There aren’t many in football with as much integrity as Ernie Merrick and he leaves the Phoenix having done a fantastic job.
The emotion was clear at his farewell presser yesterday.
Co-interim coach Chris Greenacre spoke of Merrick always putting the team first, and skipper Andrew Durante relayed how Glen Moss had said “this one’s on us boys” after Merrick dropped his bombshell to the players following the Adelaide loss.
But for all his goodwill and excellent intentions, Merrick came up short on the pitch. He has fallen on his sword in as noble a way as possible, and a huge task awaits whoever takes control.
The Phoenix squad is very good.
Kosta Barbarouses, Gui Finkler and Roy Krishna is a fearsome attacking trio, and Roly Bonevacia could be one of the best in the league if he showed his ability week-in, week-out.
Moss and Durante are seasoned campaigners, while the young NPL graduates Jacob Tratt and Adam Parkhouse have blossomed with regular top-level football.
For some reason – and it appears even Merrick couldn’t pinpoint why – it just hasn’t happened this season.
They are at rock bottom.
This is exactly what the club didn’t need after the community rallied to “save the Nix” last season.
The FFA’s famous “metrics” will come into play again when they review the long-term future of the club, particularly with expansion slated for 2018-19.
Has Wellington ticked the boxes?
Crowds are average, results are poor. For the Phoenix to receive the boost it needs to justify (in the FFA’s eyes anyway) their position in the competition, they need to be winning football games.
As with any side, the crowds will flock and everyone will be in a better position to negotiate a better television deal.
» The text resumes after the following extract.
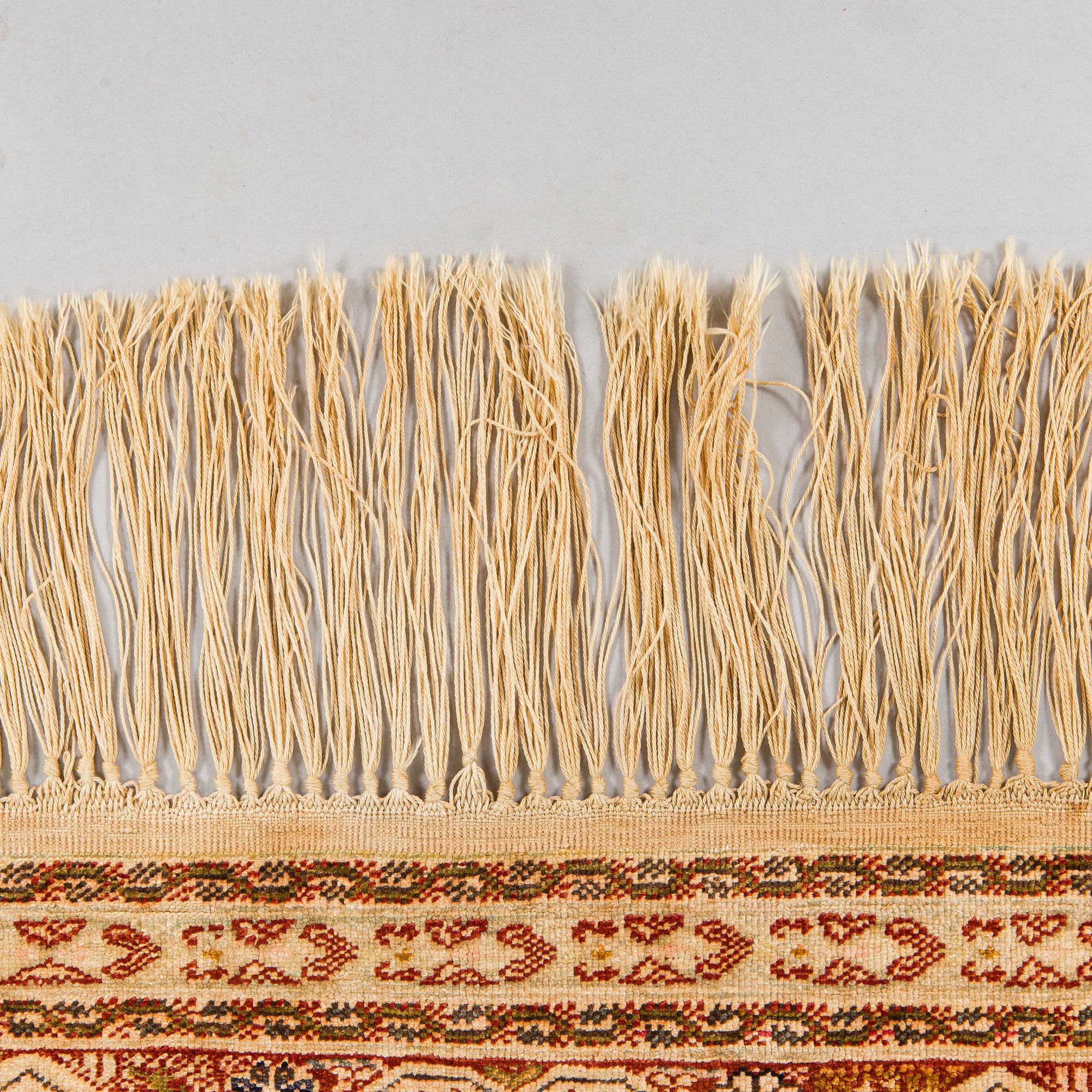 Prayer rug,  antique Gördes. C. 220 x 155 cm.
But the FFA feels no civic duty to keep a team across the ditch. Not like places such as Newcastle and the Central Coast, who appear to be immune from the same “metrics” applied to our friends from Wellington.
Whether you agree with the FFA’s stance or not, that’s how it is and that’s how Wellington’s “contribution” to the A-League will be measured.
There’s plenty of time to turn things around and Merrick’s decision to walk out could well be the catalyst for fresh vision, impetus, and some new ideas to get the best out of a quality squad.
But his successor must come to the table armed with these ideas and ready to make his mark on the squad and the league.
There was much talk about the future of football in Wellington yesterday and about how the Phoenix are making great strides in youth development and the promotion of Kiwi talent.
I’m all for the Nix, a pathway in New Zealand football should exist, and they’re also one of the few clubs to take a punt on Australian NPL talent.
But it’s also clear that the FFA aren’t fans.
So the new boss needs to turn things around quickly and start producing some good looking “metrics”.
The future of the club depends on it.